8765 – the number of hours in a year. In two years its 17,531. Sometimes it feels like there are hundreds of minutes in those hours. Other times, it feels like only seconds go by as the hours tick off. Either way though, two years ago today my wife passed away and time is the constant to measure just how we are doing two years later.
When applying time to the lives of my girls and I, on the whole we are doing OK. And that’s a good thing.
Sure we miss out on a lot-but we also share in some very unique things and we have memories that allow us to keep Risa’s spirit alive. As I was telling a friend who lost her sister recently it doesn’t get easier, it really doesn’t. What happens though is life and we manage to wake up and make today a better day than yesterday and hold out hope that tomorrow will be better than today.
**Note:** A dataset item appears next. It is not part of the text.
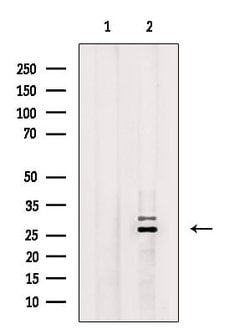 RAB29 Polyclonal Antibody:Antibodies, Polyclonal
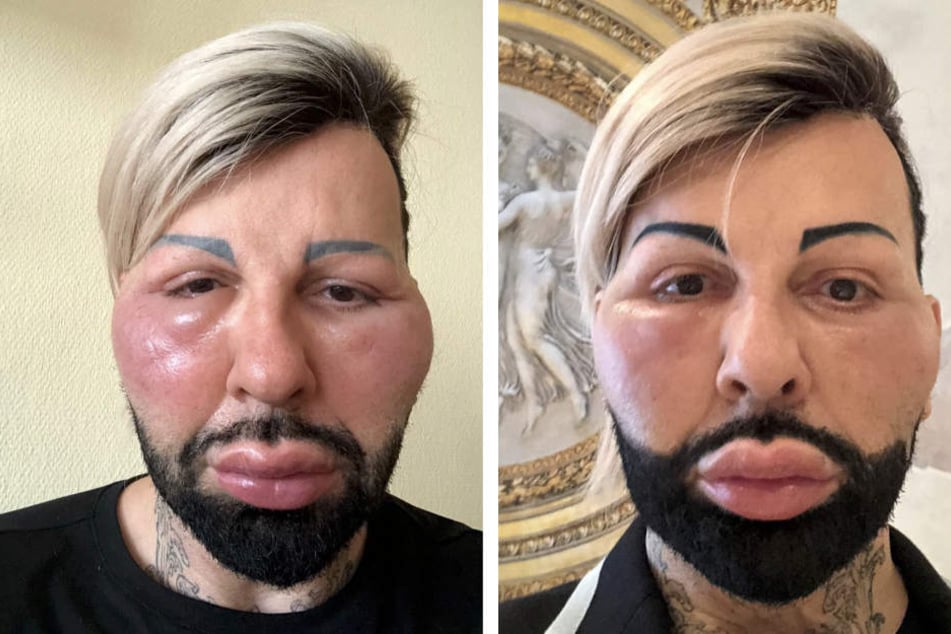 Bereits einen Tag nach seiner allergischen Reaktion hat sich das Gesicht fast wieder normalisiert.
Sure, I’d love for 10.0 to take school more seriously. And yeah, I wish I could have been there to keep 12.5 from turning her ankle last weekend. But by and large, those are small issues that we will over come-one day at a time one moment at a time.
So, into the next block of 8765 hours we will go. We’ll share milestones this year, heartaches this year and good times this year. We know we are keeping Risa’s spirit alive by simply doing the best we can and fighting for all we want-which is how she lead her life and we honor her that way.
I am not a huge believer in fate as a driver for all things that happen today. A friend was telling me over the weekend that she believes if life had turned left instead of right, if I didn’t run that stop light this morning on the way to the train things would be different. Perhaps they would be. I really don’t have that answer, and I’m pretty happy with my life so I don’t have to worry about the zigs and zags it takes. Instead, I’ll enjoy the ride, and hope there are fewer 180-minute hours in the next 8765.